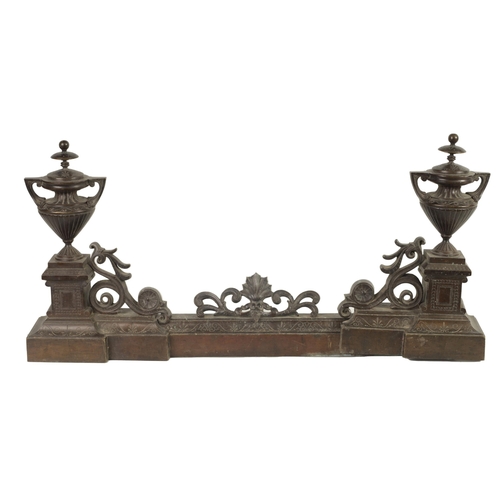 424 - A 19TH CENTURY FRENCH BRONZE ADJUSTABLE HEARTH FENDER with raised urn finials on an engraved shaped ... 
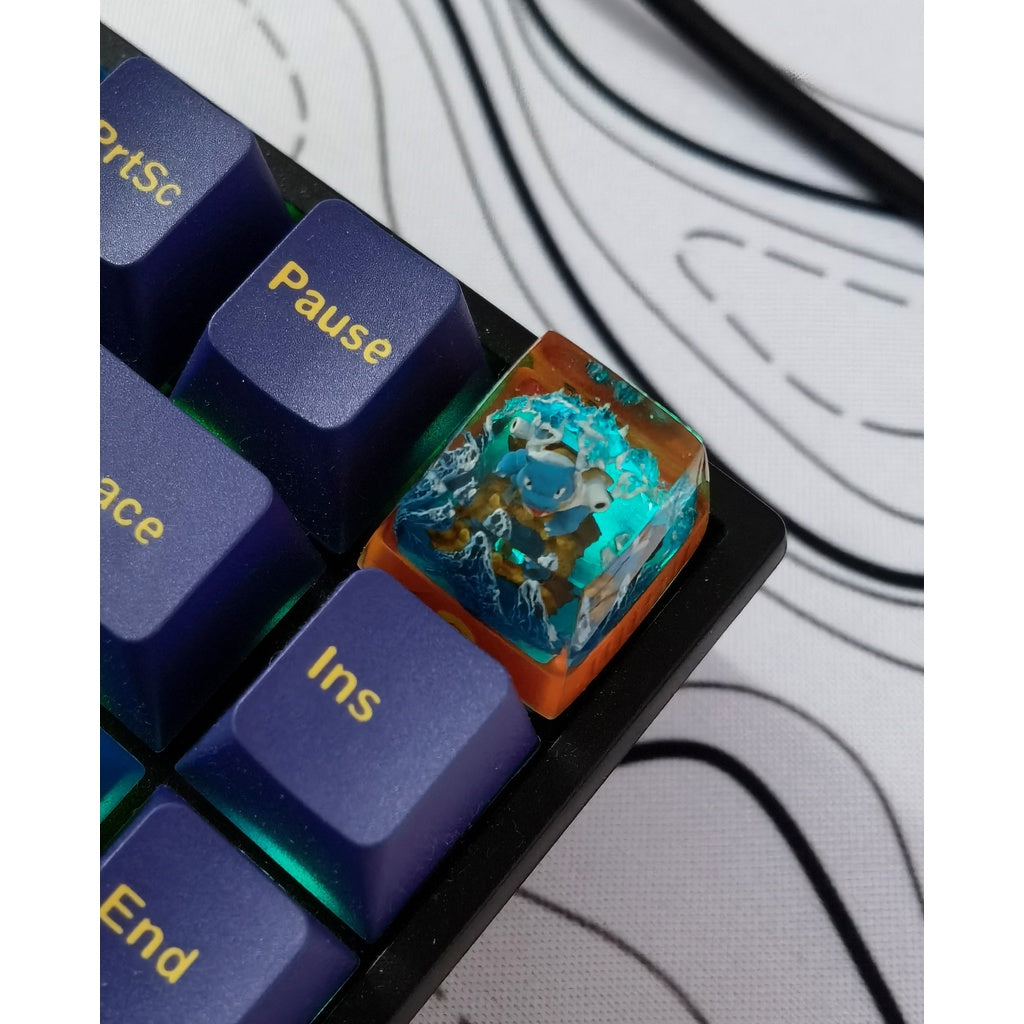 Pokemon Blastoise artisan keycap on a RGB keyboard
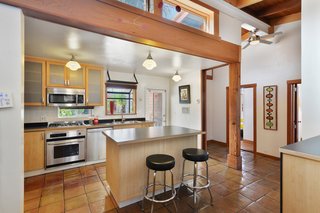 Apart from the side-by-side bathrooms, the layout of the home doesn't reflect its commercial beginnings. The kitchen, which features Saltillo tile flooring, used to be a back office. 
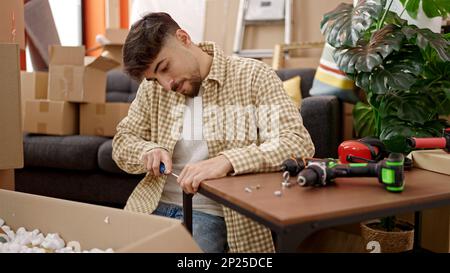 Young arab man repairing table using screwdriver at new home Stock Photo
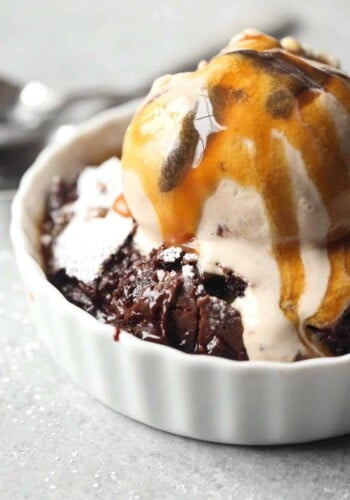 Brownie pudding served in a ramekin with vanilla ice cream and a drizzle of caramel sauce.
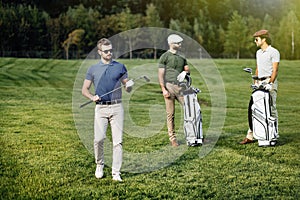 Group of friends walking on the golf course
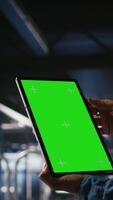 Vertical Close up of server hub admin using isolated screen tablet next to colleague reviewing AI LLM visualization. Data center employee using mockup device to monitor machine learning systems, camera A video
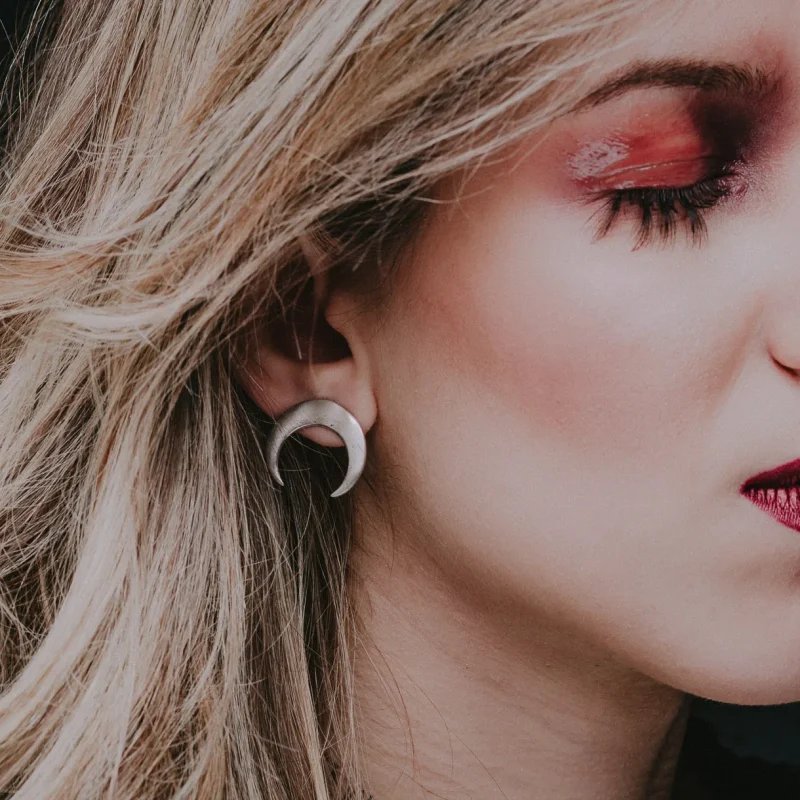 An image of a woman wearing a pair Moon Sterling Silver Earrings, handcrafted by Marren Jewelry in Greece.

Problem requirements - Begin with the line containing "Vertical Close up" and end with the last line of the entries above. Copy those lines exactly, both ends included, and drop every picture.

Response area -
 Vertical Close up of server hub admin using isolated screen tablet next to colleague reviewing AI LLM visualization. Data center employee using mockup device to monitor machine learning systems, camera A video
 An image of a woman wearing a pair Moon Sterling Silver Earrings, handcrafted by Marren Jewelry in Greece.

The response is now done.